For now only async tests/benchmarks are supported.
- Dynamic Task Loading: Automatically loads and executes tests based on your Python functions.
- Rate Limit Injection: Use a decorator to inject rate-limit code at runtime
- Task Processing: Corrosive task results are collected, processed, and written to a sqlite db
- Highly Configurable: Define systems under test, entry points, rate limits, and file output locations via configuration files.
- Typer CLI Integration: Simple CLI interface to run benchmarks and define parameters.
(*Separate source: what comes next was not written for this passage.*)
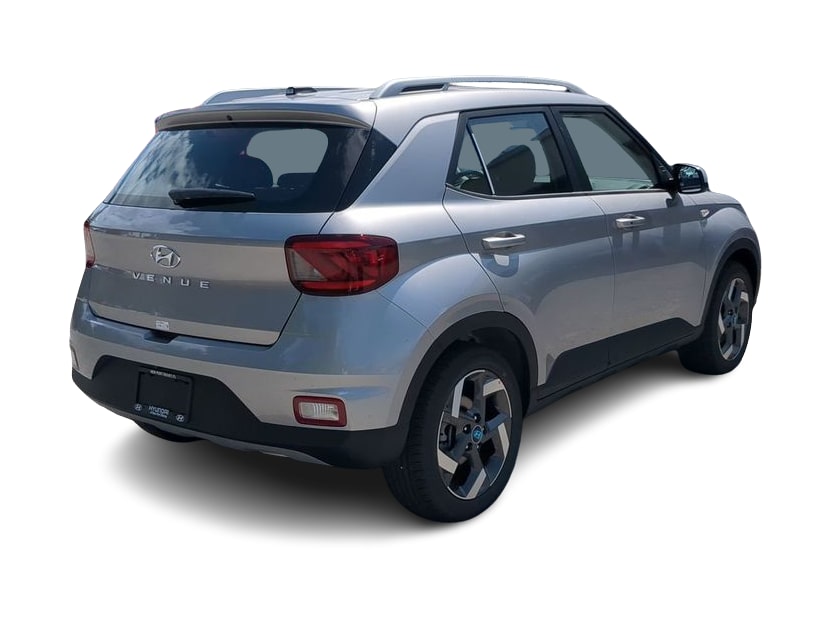 Thumbnail: 2026 Hyundai Venue - 18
To install the package, run the following command:
pip install -e .
- Configure the Acidfile.yaml
The Acidfile.yaml
file defines the systems under test (SUT) and other settings:
systems_under_test:
- name: 4-turbo-vs-4o-test-data-extraction-capabilities
entrypoint: /path/to/your/entry_point.py
- name: generate-new-test-cases-on-auto-mode
entrypoint: ./auto_cases.py
buckets:
- name: bucket_groq
rpm: 30
- name: bucket_openai
rpm: 1000
- name: bucket_slow_custom
rpm: 10
- name: bucket_fast_custom
rpm: 100000
file_settings:
- data_dir: /path/to/data_dir/
- sqlite_enable: true
- systems_under_test: Define the SUTs by name and entry points (Python files to scan for corrosive tasks).
- buckets: Define rate limits for your systems, in requests per minute (RPM).
- You can mark any function in your test file with a decorator
@use_bucket('bucket_name')
it will inject the rate limiter at runtime
- You can mark any function in your test file with a decorator
- file_settings: Set the directory where output files should be saved and enable SQLite if necessary.
- Create benchmarks/tests:
from acidrunner.decorators import use_bucket, in_files
from acidrunner.types.types_custom import AcidBoolResult
@use_bucket('bucket_1')
@in_files(['bool_tests.yaml'])
async def _bench_pushed_to_data_table(query) -> AcidBoolResult:
api_res = await fetch_transactions(query)
res = False
if api_res['generated_text'] == 'Answer pushed to data table!':
res = True
return AcidBoolResult(res, meta_data={"api_data": api_res})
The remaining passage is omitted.